Make42 Make42 - 2 months ago 6
Scala Question

How to println from foreach in Jupyter?


val animals = sc.parallelize(List("cat", "dog", "tiger", "lion", "gnu", "crocodile", "ant", "whale", "dolphin", "spider"), 3)
animals.foreachPartition(x => println(x.mkString(", ") + " are animals"))

in spark-shell returns

lion, gnu, crocodile are animals
cat, dog, tiger are animals
ant, whale, dolphin, spider are animals

but if I run this in Jupyter with Apache Toree Spark kernel I get no output. The terminal from which I started Jupyter outputs

animals: org.apache.spark.rdd.RDD[String] = ParallelCollectionRDD[27] at parallelize at <console>:20
16/05/17 09:33:32 [WARN] o.a.t.k.p.v.s.KernelOutputStream - Suppressing empty output: ''

How do I get Jupyter to output the animals as the spark-shell using foreach?

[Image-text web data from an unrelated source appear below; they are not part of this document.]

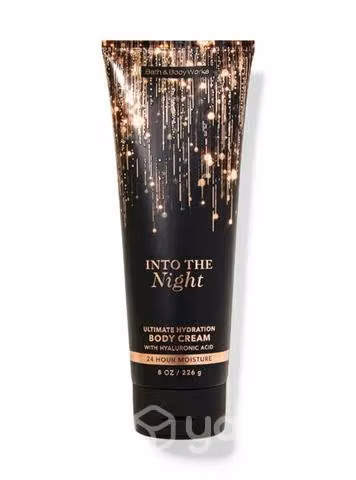 Crema corporal bath and body works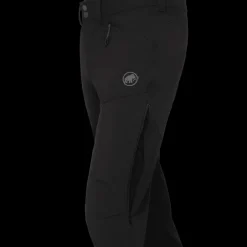 mmtsklep Spodnie I Spodenki-Spodnie Mammut Zinal Guide SO Hybrid Pants Men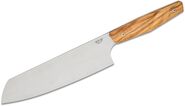 MKM Santoku Olive wood MK PRSA-O - KNIFESTOCK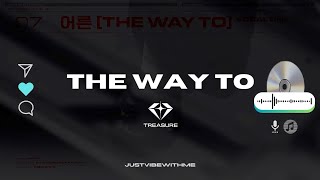Download lagu TREASURE - 어른 (THE WAY TO) (VOCAL Unit)- clean Acapella (vocals only) mp3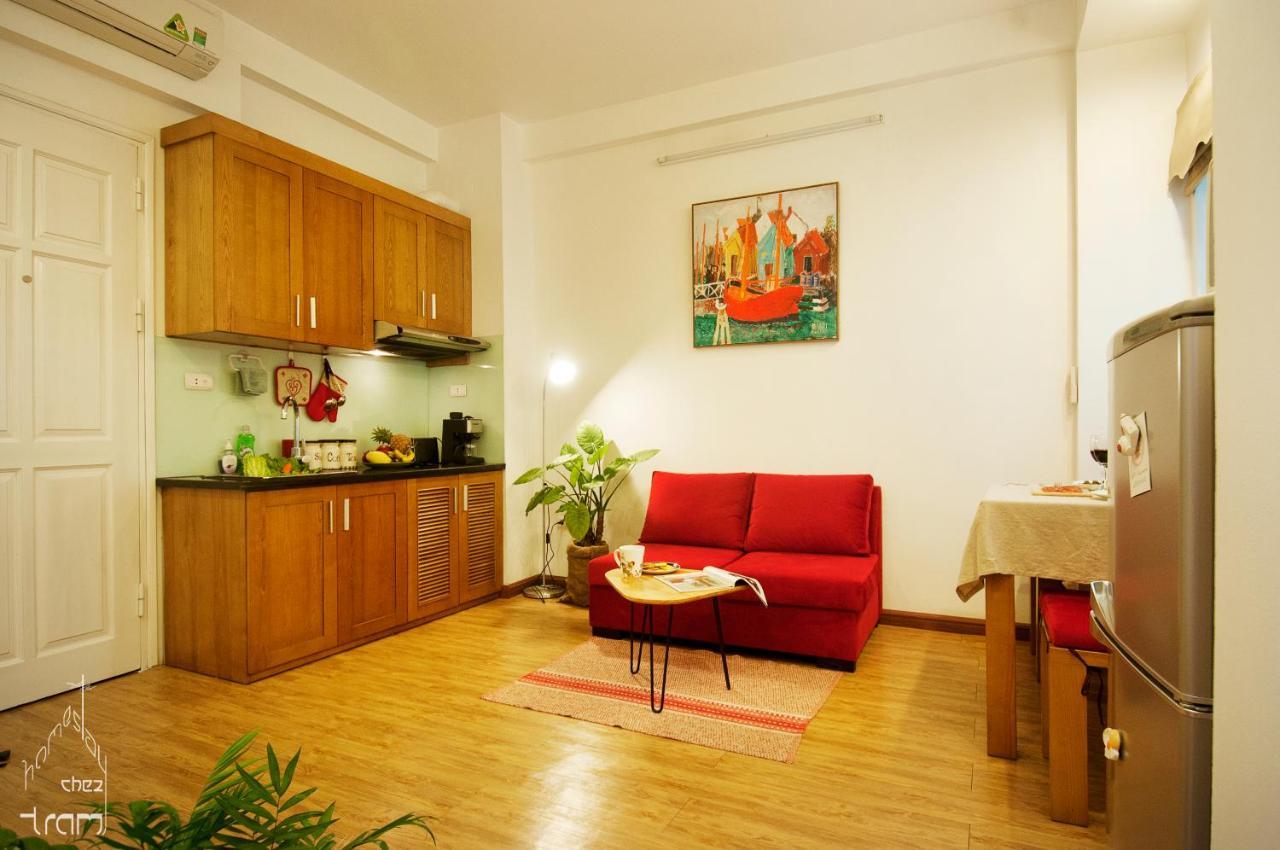 Chez Tram Homestay Ανόι Εξωτερικό φωτογραφία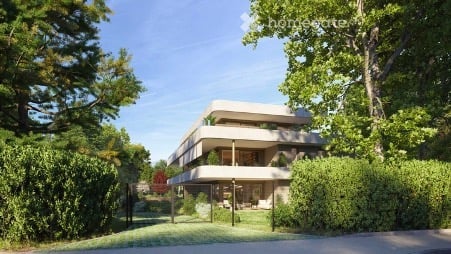 Brand-New 3-Bedroom Garden Apartment with Spacious Terrace (Grand-Saconnex)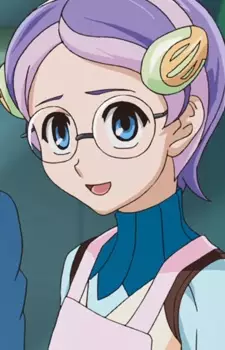 Gambar Karakter Anime: Sayaka Sasayama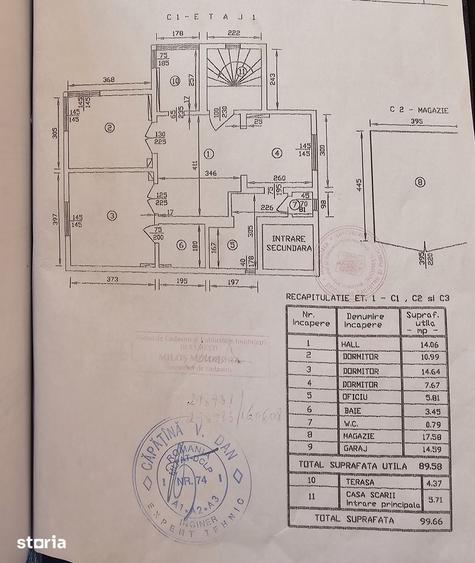 Apartament 3/4 camere | Palatul Cotroceni | Vila P+2 | Garaj - 9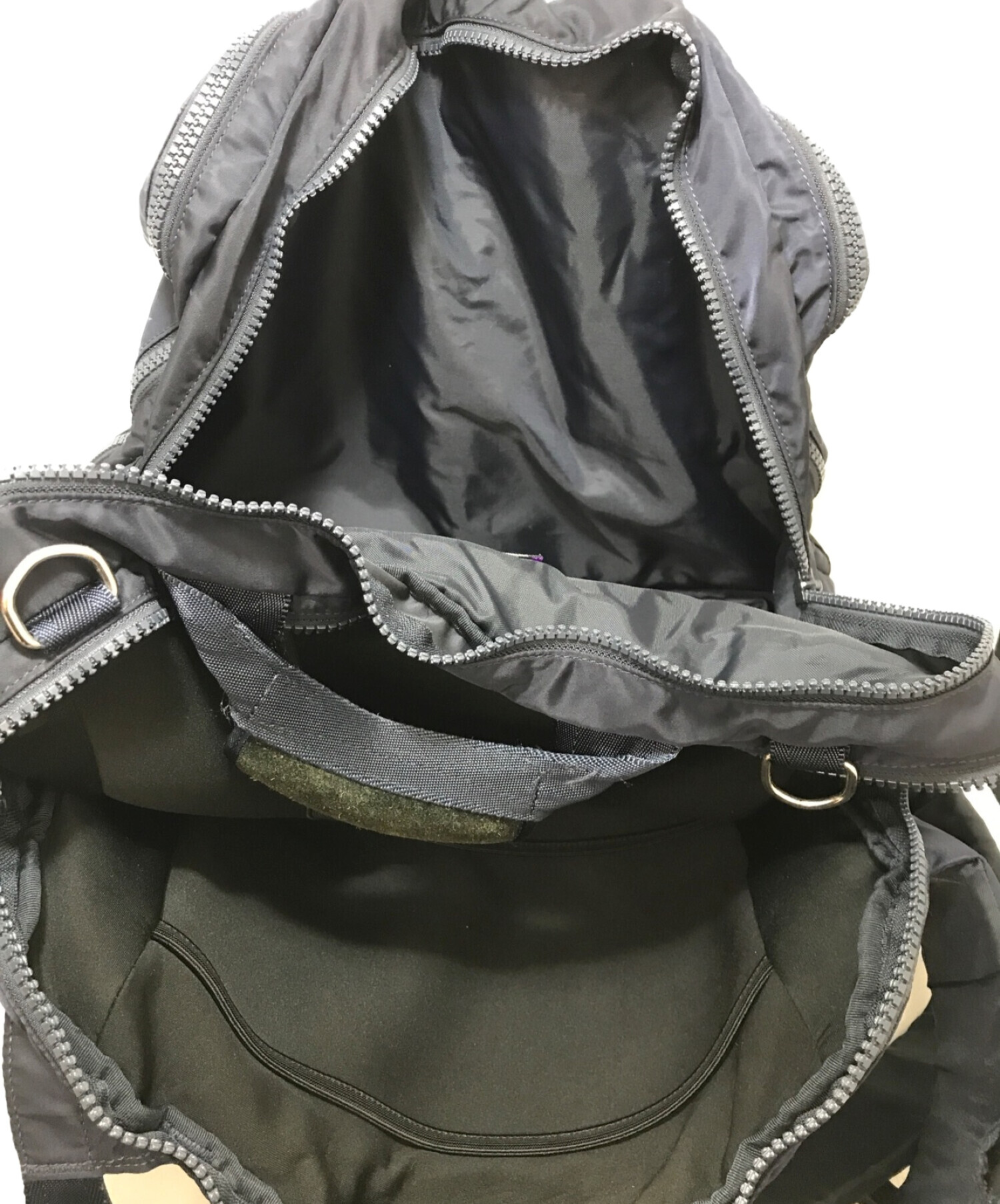 THE NORTHFACE PURPLELABEL (ザ・ノースフェイス パープルレーベル) 3Way Bag ネイビー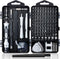 SHOWPIN 122 in 1 Precision Computer Screwdriver Kit, Laptop Sets with 101 Magnetic Drill Bits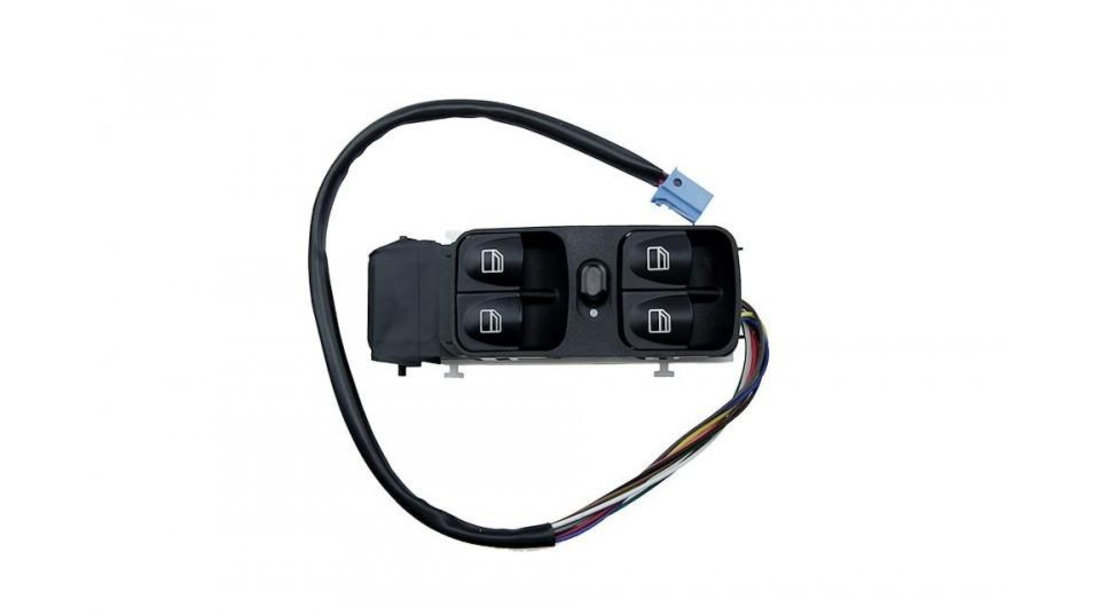 Butoane geamuri electrice Mercedes C-Class (2000-2007) [W203] #1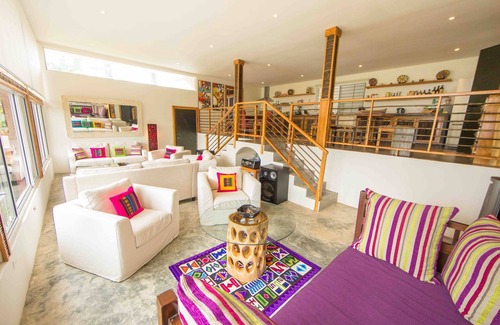 Cerro Azul Cabina | La Semilla Ecolodge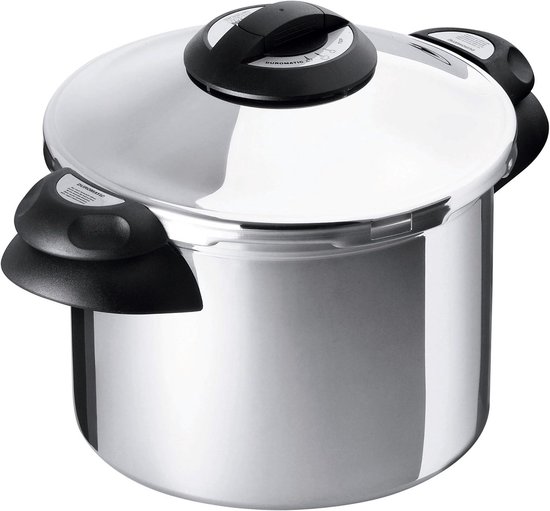 Easyline Stoompan Inductie 20 Cm 3 delig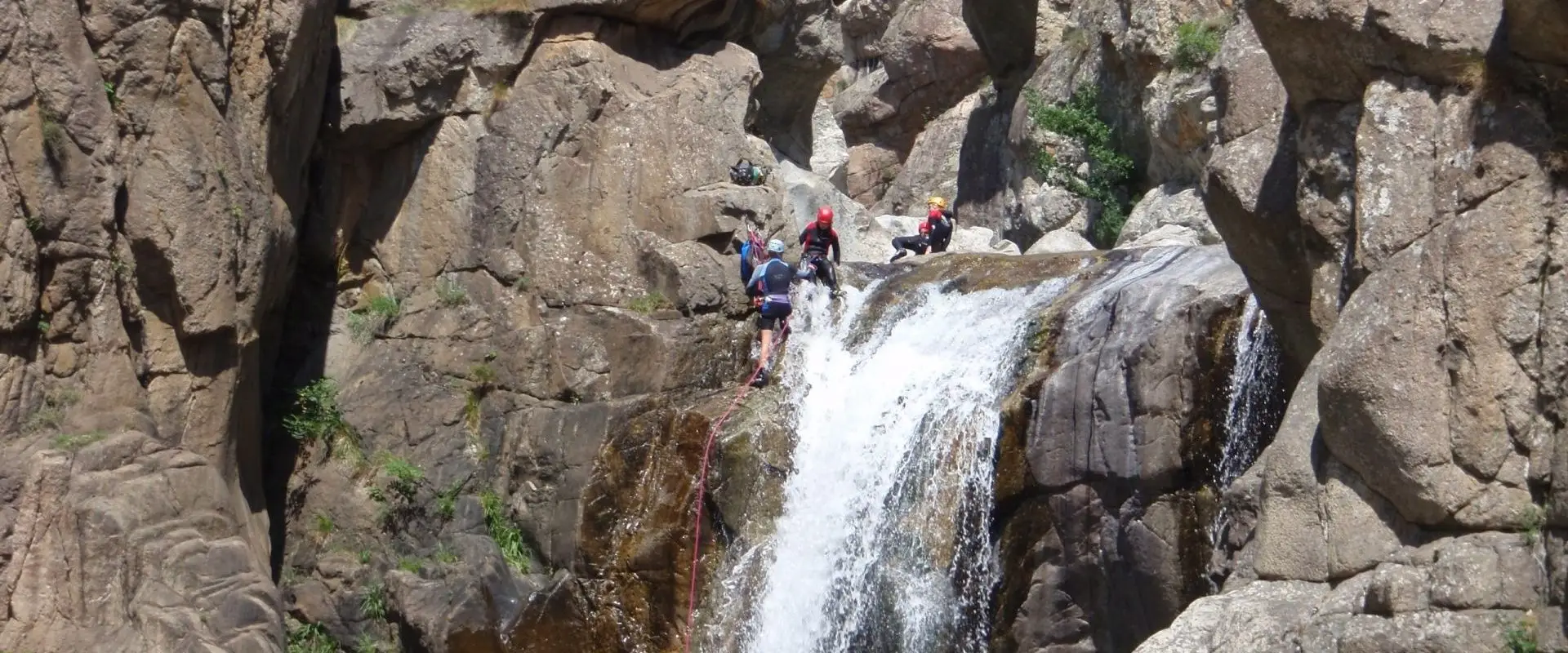 Ardèche Equilibre : Canyoning Via Ferrata Escalade en Ardèche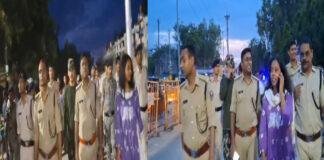 सासाराम में अतिक्रमण की समस्या को दूर करने के लिए कराया गया वेंडिंग जोन का निर्माण सासाराम में अतिक्रमण की समस्या को दूर करने के लिए कराया गया वेंडिंग जोन का निर्माण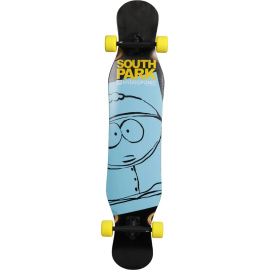 Hydroponic Pixie Complete Longboard (43.5"|Cartman Blue)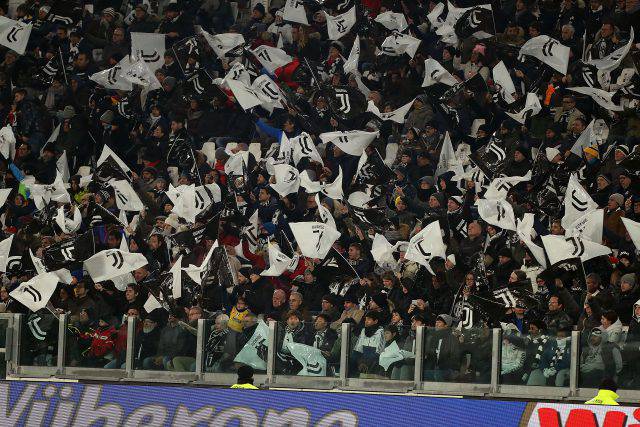 Juventus v AS Roma - Serie A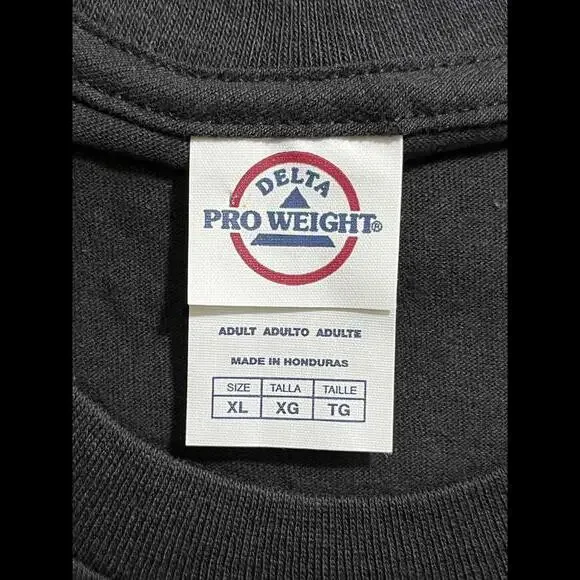 VTG Distrubed Tour Merch - Music As A Weapon Tour 2009 IV XL - Picture 3 of 5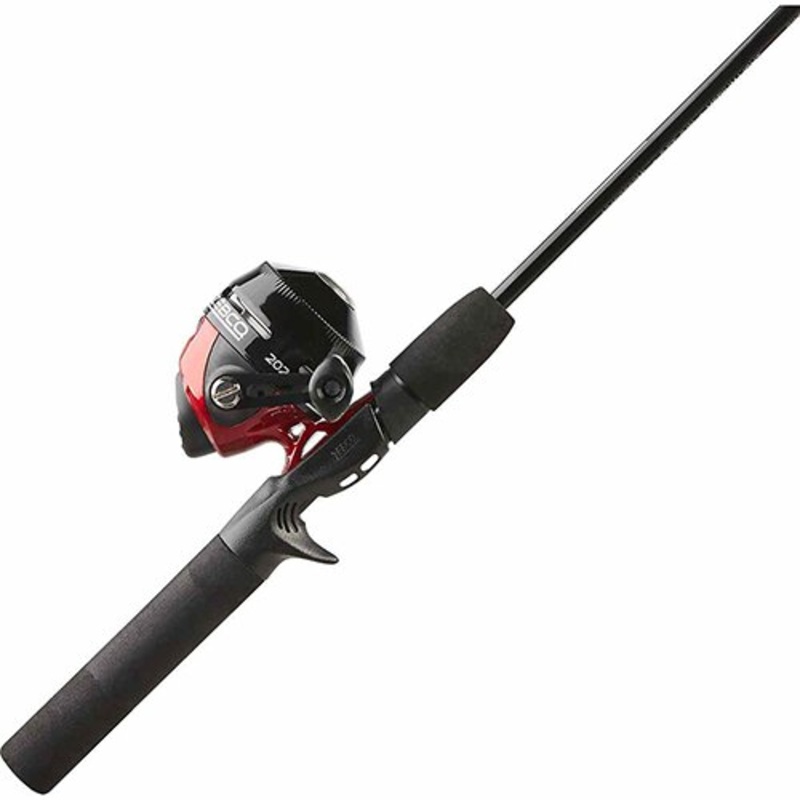 Zebco 202 5’6 Spincast Combo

Generally speaking, you don't. Even if you don't work with Jupyter any output created inside action or transformation will appear somewhere but, unless it is a local mode, it won't be your local shell.

If you want to reliably inspect some part of the data you should fetch data to the driver and inspect locally.


On a side note I would avoid printing anyways. Unlike logging it is not easily configurable and can become a serious bottleneck in your code.